Work required:
The full set of entries is to be printed exactly, with pictures excluded.

Extracted records:
══════
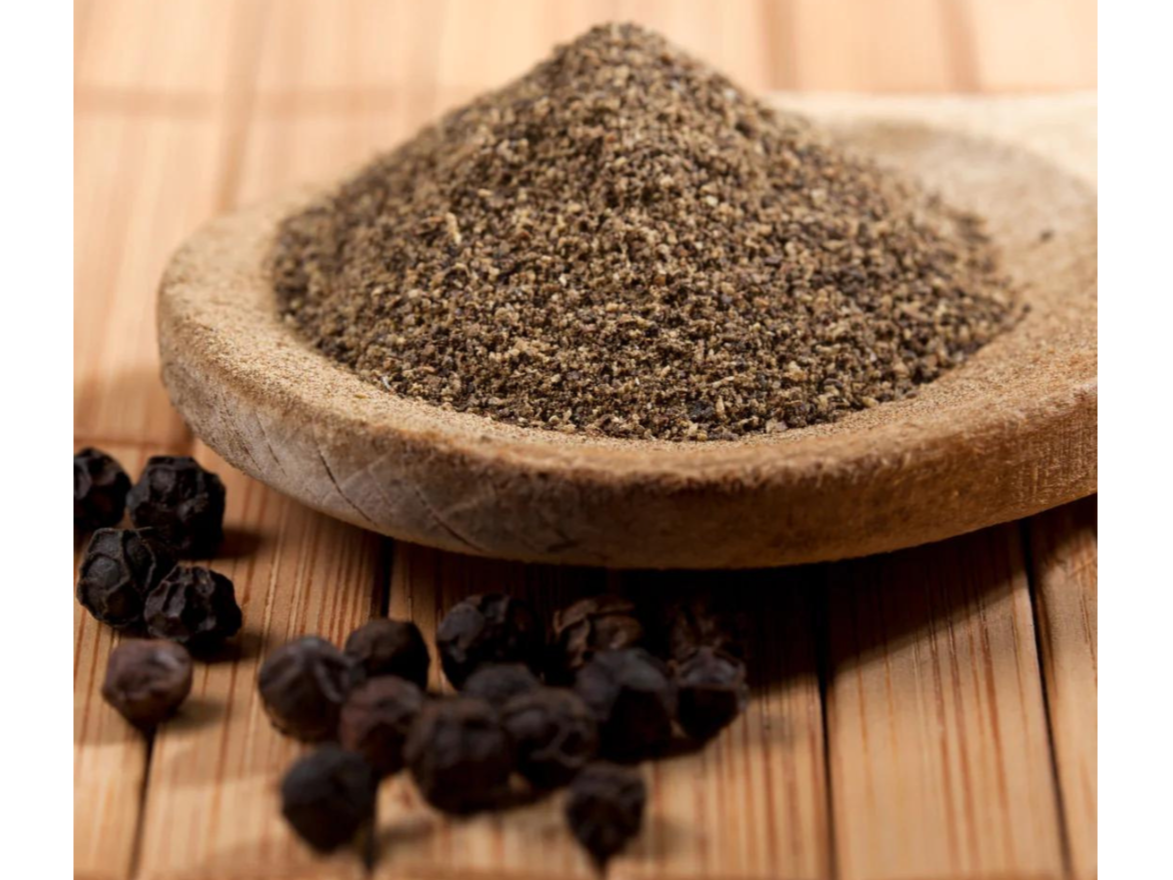 Pimienta negra molida x 100 grs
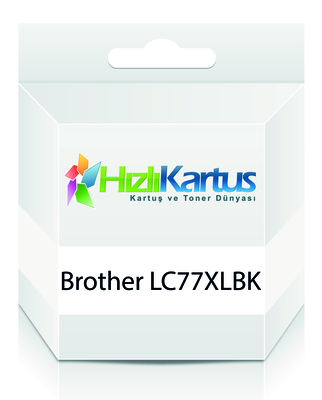 Brother LC77XLBK Siyah Muadil Kartuş - MFC-J6510DW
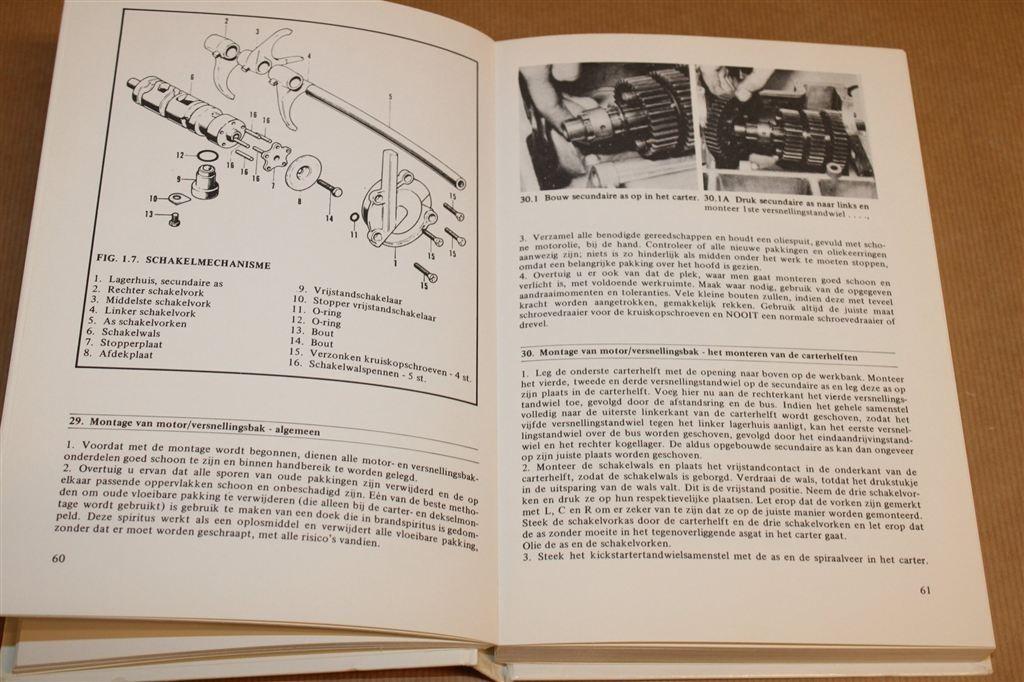 Honda-4 750 — Reparatie & Onderhoud [1969-1979], Ophalen of Verzenden, Honda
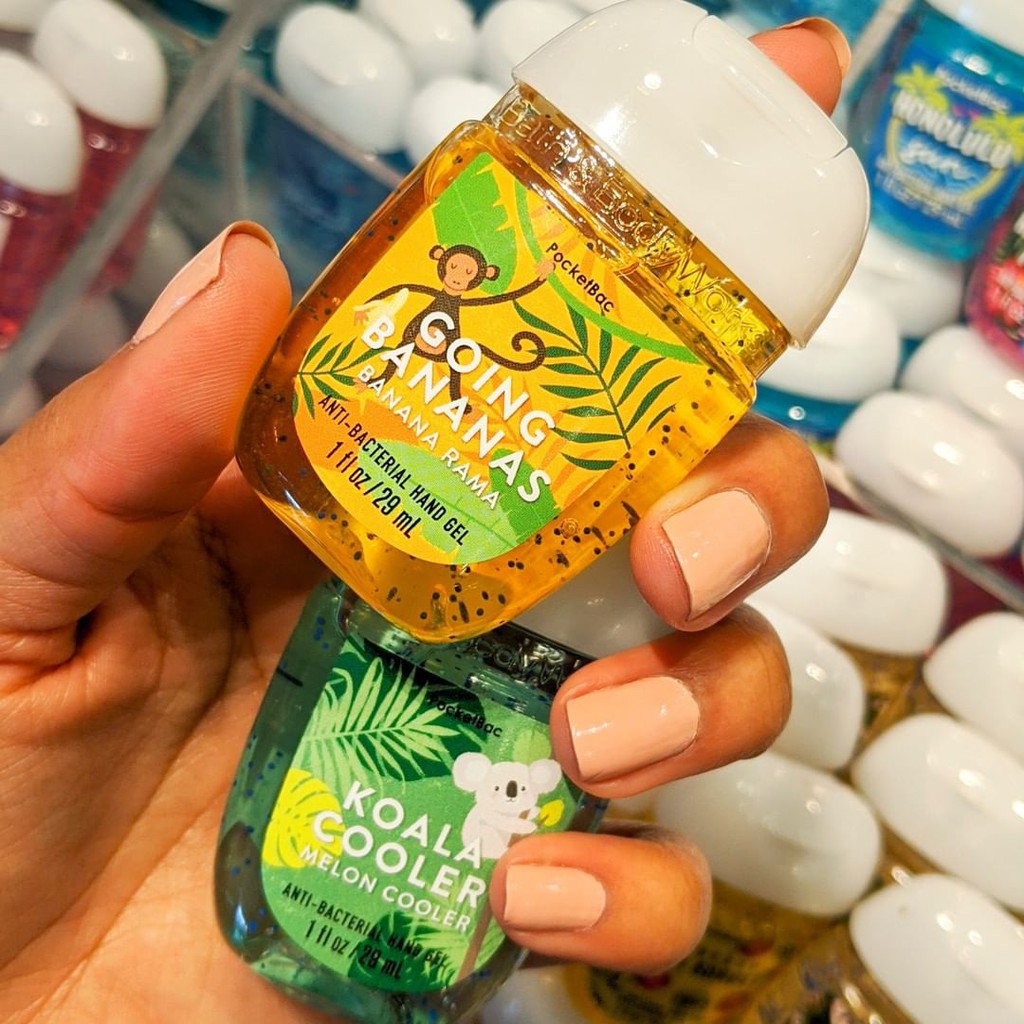 [Chuẩn Auth] Rửa tay khô Hand Gel Bath and Body Works (Made in Usa) | BigBuy360 - bigbuy360.vn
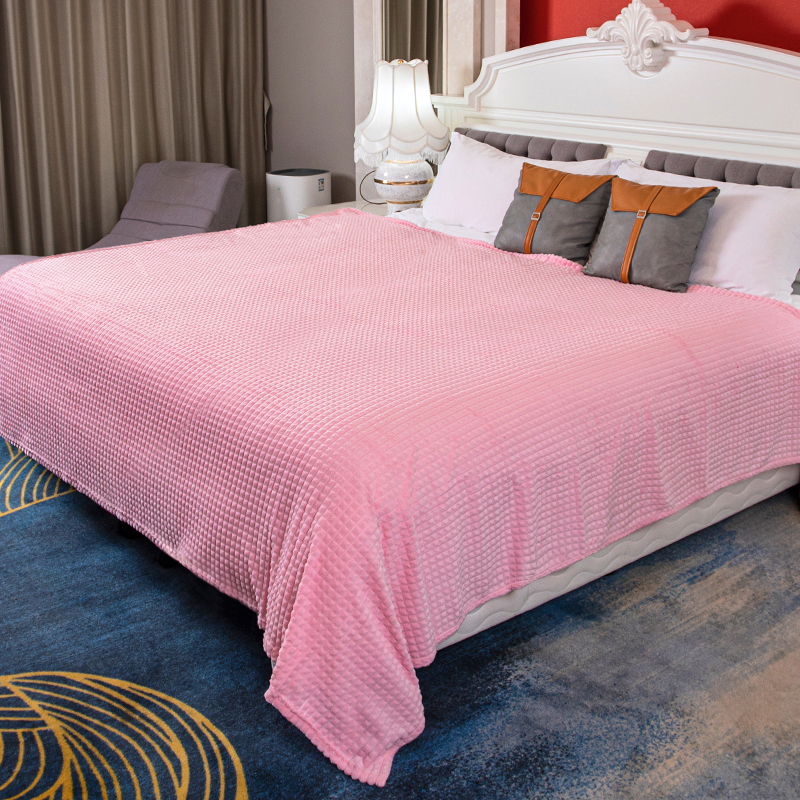 

Плед Dilya Home 150х200 см розовый, 2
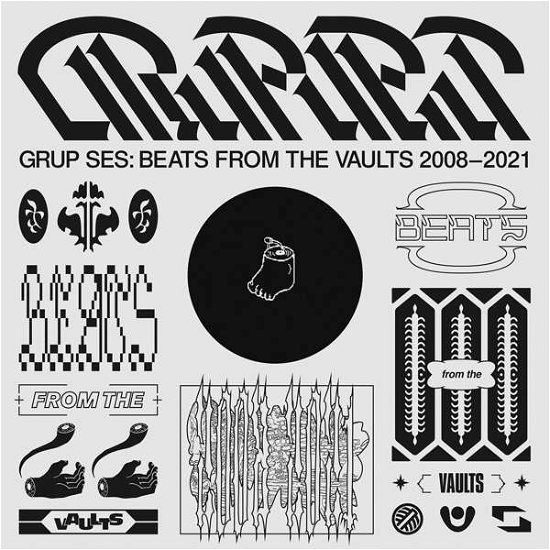 Cover for Grup Ses · Beats From The Vaults (2008-2021) (LP) (2021)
══════
Exercise solution:
 Pimienta negra molida x 100 grs
 Brother LC77XLBK Siyah Muadil Kartuş - MFC-J6510DW
 Honda-4 750 — Reparatie & Onderhoud [1969-1979], Ophalen of Verzenden, Honda
 [Chuẩn Auth] Rửa tay khô Hand Gel Bath and Body Works (Made in Usa) | BigBuy360 - bigbuy360.vn

Плед Dilya Home 150х200 см розовый, 2
 Cover for Grup Ses · Beats From The Vaults (2008-2021) (LP) (2021)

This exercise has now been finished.